Disney reported $2.1 billion in net income for the first quarter of fiscal 2026, marking a strong increase from $1.2 billion in the same period last year.
The company’s revenue rose 5% to $25.5 billion, while operating income jumped 27%.
The direct-to-consumer (streaming) segment delivered its second consecutive profitable quarter, posting $47 million in operating income, compared with a $216 million loss a year earlier.
Disney+ Core added 7 million subscribers, driven primarily by international markets, bringing the service’s total subscriber base to 123.5 million.
Average revenue per user (ARPU) increased 16% in the U.S. and Canada and 32% internationally, supported by tiered pricing and the continued expansion of ad-supported plans.
Across Disney’s streaming portfolio, total subscribers surpassed 215 million, with ad-supported tiers accounting for more than 45% of new sign-ups.
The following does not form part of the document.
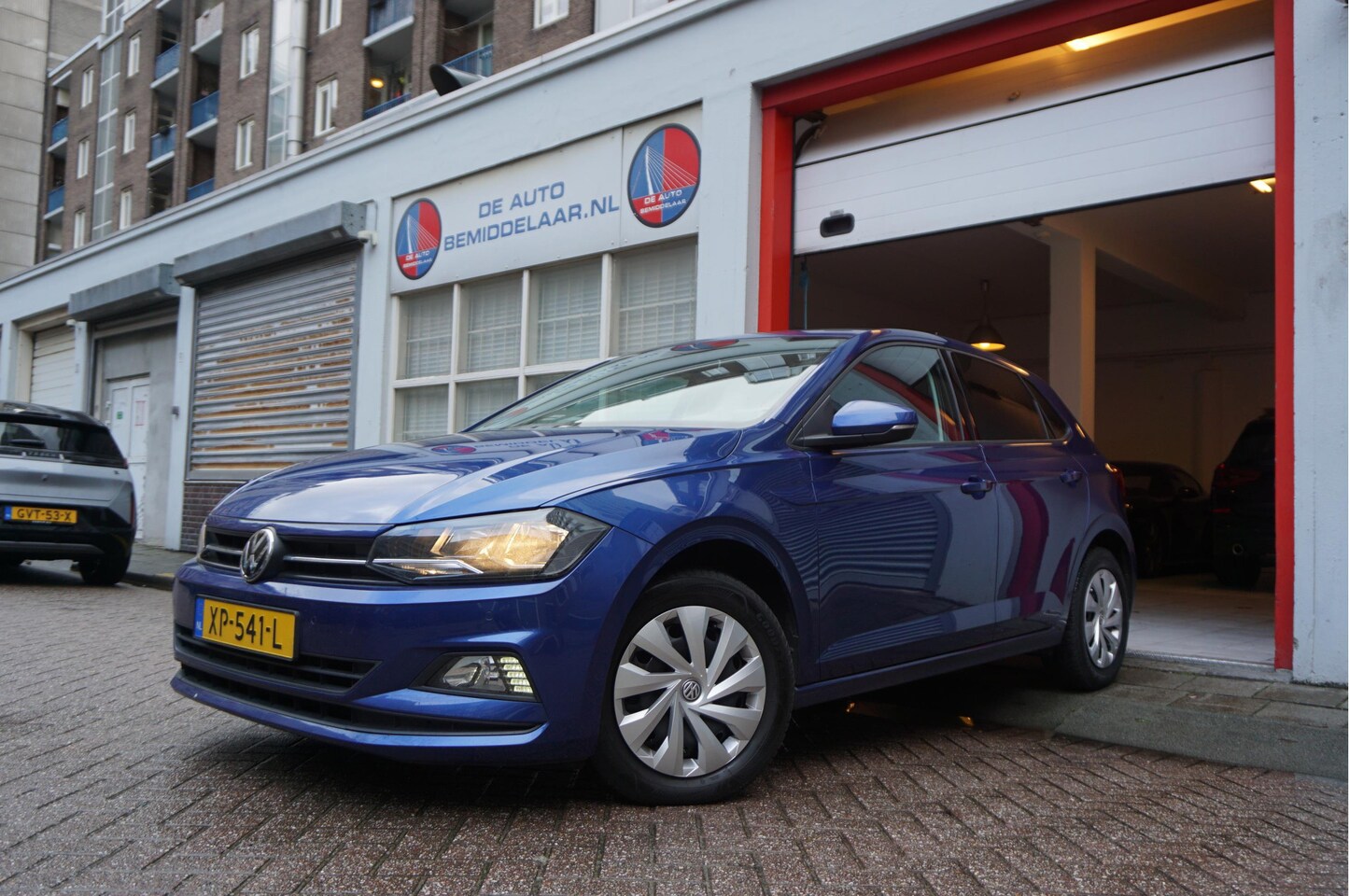 Volkswagen Polo - 1.0 TSI Comfortline Executive | NL Auto | VW onderhouden | Apple Carplay | NAVI | Adaptiev - AutoWereld.nl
Linear television networks continued to decline, with revenue down 8% and operating income falling 7%. In contrast, the parks, experiences, and products segment delivered a strong performance, generating $9.4 billion in revenue and $2.2 billion in operating income.
Ahead of ESPN’s planned standalone streaming launch in 2025, Disney is preparing a joint sports streaming venture with Fox and Warner Bros. Discovery.
The company achieved $500 million in annual cost savings, as part of its broader plan to cut $7.5 billion in expenses over the long term.
CEO Bob Iger emphasized that succession planning remains actively underway, reiterating his commitment to ensuring a stable leadership transition before his contract ends in 2026.